Given records »
▼▼▼
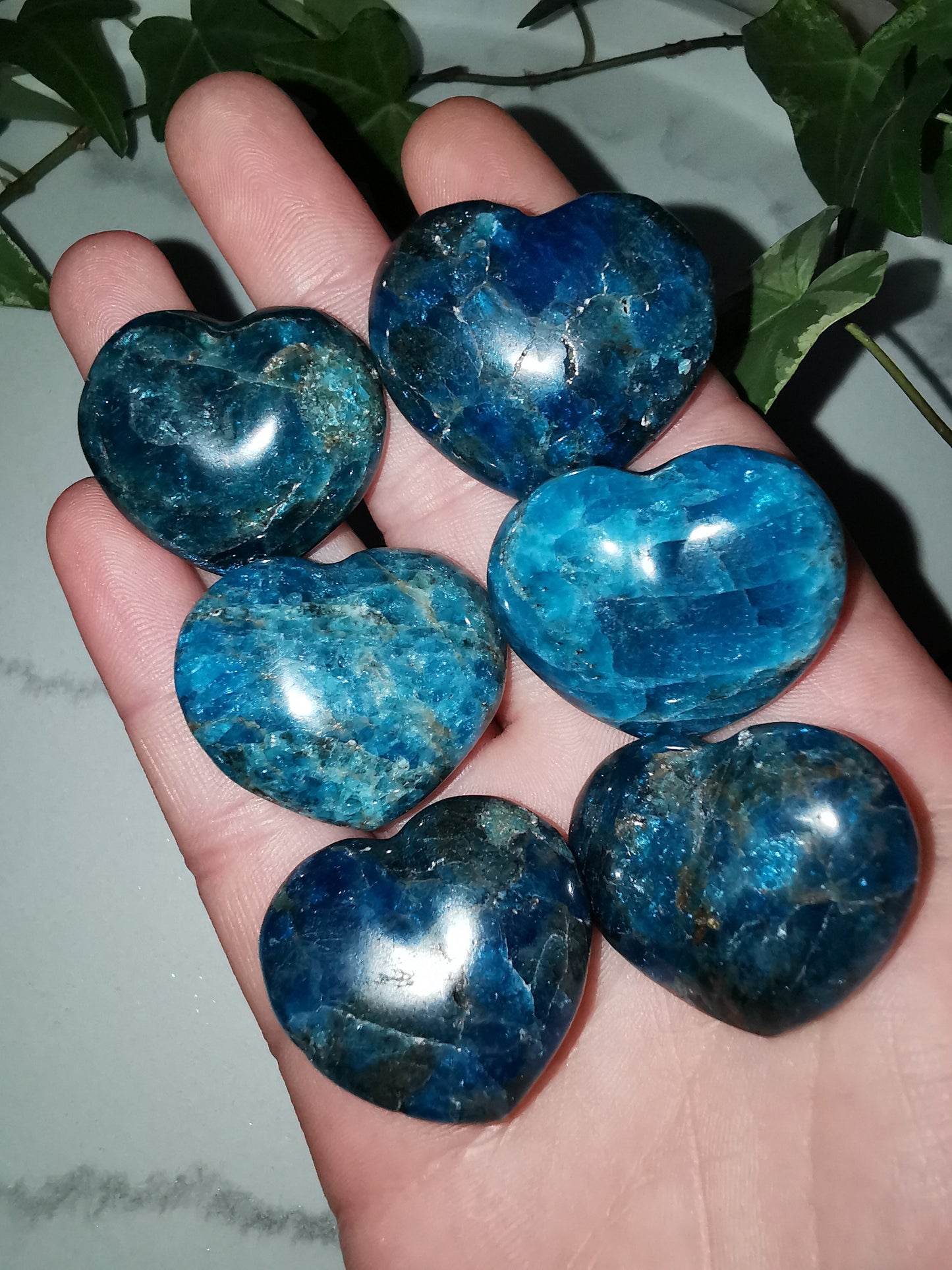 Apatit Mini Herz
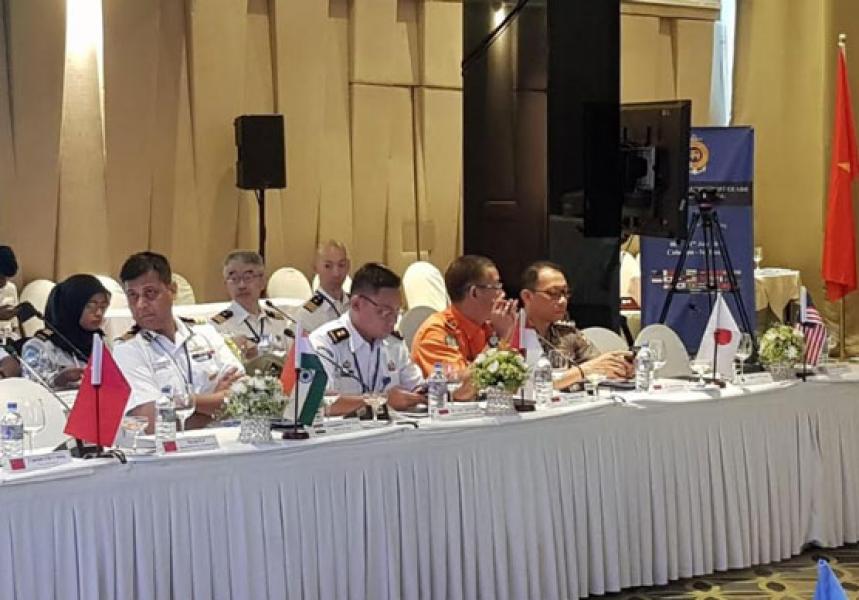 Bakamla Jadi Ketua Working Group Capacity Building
▲▲▲
▼▼▼
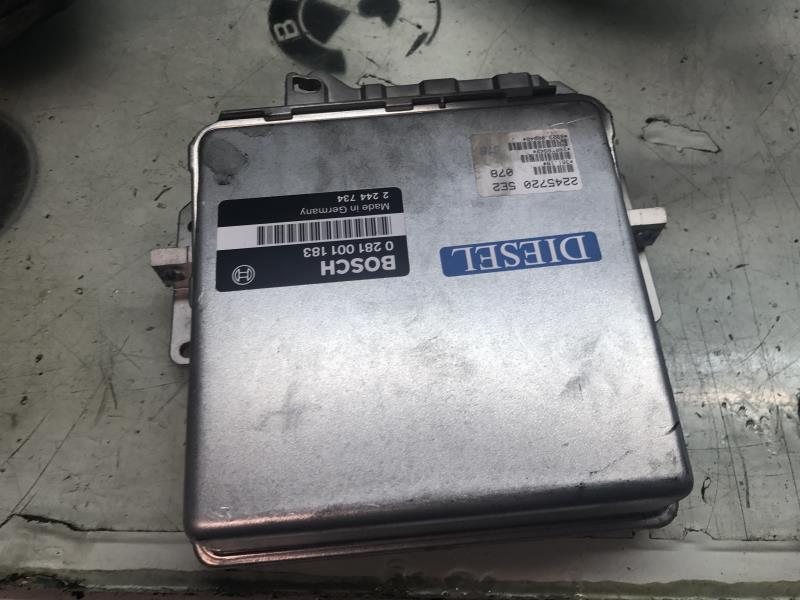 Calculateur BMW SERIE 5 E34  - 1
▲▲▲
Problem statement » Within these entries, output exactly the lines starting at the one with "Apatit Mini Herz" and finishing at the one with "Bakamla Jadi Ketua". Leave pictures out of the output.

Written reply »
 Apatit Mini Herz
 Bakamla Jadi Ketua Working Group Capacity Building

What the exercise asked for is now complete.